Jego zona nie ufala mu, ale na pewno nie chciala go wrobic.
Fajny film. Od poczatu watplilam w wine tego biedaka, ale milo bylo patrzec jak juz pekl ;) [END of SPOLERS]
Bellucci zjawiskowa, jak zwykle.
Też jestem tego samego zdania o tym filmie...
... a co ciekawe że od samego początku filmu podejrzewałem kapitana o to że to on jest mordercą ale w miarę postępu filmu zmieniało się to na Henrego...
jakie moje zdziwienie było kiedy po przyznaniu sie jego do tych morderstw był fakt iż Henry jest niewinny.
Powiadam wam ludzie ten film jak dla mnie jest wyśmienity trzyma w niepewności aż do końca a to wszystko za sprawą genialnego scenariusza i fantastycznej gry aktorskiej.
Wg mnie przyznał się bo nie miało dla niego sensu dalsze upieranie się, że jest niewinny skoro nawet jego żona uwierzyła w to, że to on zabił. Świadczy o tym fakt, że po tym jak detektyw pokazuje mu zdjęcia i mówi, że Chantal wyniosła je z ciemni a on mówi coś w stylu: Jest zdolna nawet do tego, żeby to udowodnić? Potem podchodzi do weneckiego lustra i mówi do niej, żeby przyszła spojrzeć mu w twarz. Kiedy nic się nie dzieje bohater rezygnuje i przyznaje się do niepopełnionej zbrodni. Poza tym myślę, że musiał ją kochać skoro potrafił żyć z faktem "osobnych sypialni" i nie myśleć o rozstaniu, więc kiedy ona zwątpiła w niego, on też się poddał.

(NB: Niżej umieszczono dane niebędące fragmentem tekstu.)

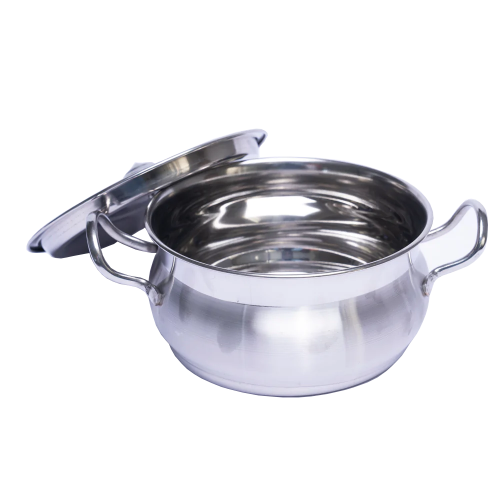 Stainless Steel Cook and Serve Dish Set of 3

Ostatnią scenę interpretuję w ten sposób, że oboje nie mogą się pogodzić z tym co się stało. Ona siada na innej ławce, bo nie może pogodzić się z tym, że w niego zwątpiła i uwierzyła, że to on zabił. Na początku wierzyła - nie dała przeszukać mieszkania. On jest zrezygnowany, bo kochał ją i dał jej wszystko a ona uwierzyła w to, że jest winny. Przynajmniej ja to tak odczytuję.